The Clean Power act of 2001 aims to cut emissions of sulphur dioxide and oxides of nitrogen from power plants by 75%, aggregate mercury emissions by 90%, and to reduce carbon dioxide emissions to 1990 levels.
The Bill also includes provisions for incentives to increase energy efficiency and the use of renewable energy in order to achieve the emission reduction objectives, and policies to reduce the rate of growth of natural gas consumption.
“I am proud to have been one of the principal negotiators of the 1990 Clean Air Act, an act that has allowed our nation to make progress in improving air quality,” said Congressman Jim Jeffords, one of the sponsors of the bill. “Notwithstanding significant increases in population and economic growth, we have still been able to reduce or control emissions.

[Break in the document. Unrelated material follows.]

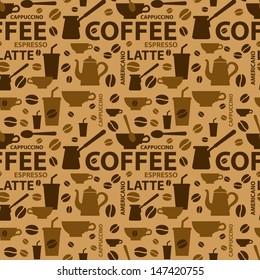 coffee pattern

But nationwide, more than thirty percent of residents still live in regions with poor air quality.”
“This bill would mandate strict emissions standards and create incentives for the use of clean, alternative power,” said Jeffords. Pointing out that his own state, Vermont, suffers from polluted air from coal power stations in other states, despite having some of the toughest air quality standards in the US. “Without inclusion of this clean air provision, our region would be unfairly impacted by competitive change in the electric power sector, as other regions of the nation enjoy low energy costs because they are not complying with the clean air standards we live with.”
A week earlier, President Bush decided not to bring in emission reductions for power plants due to fears over the effects on consumers that such an action would bring, and to doubts over the existence of global warming (see related story).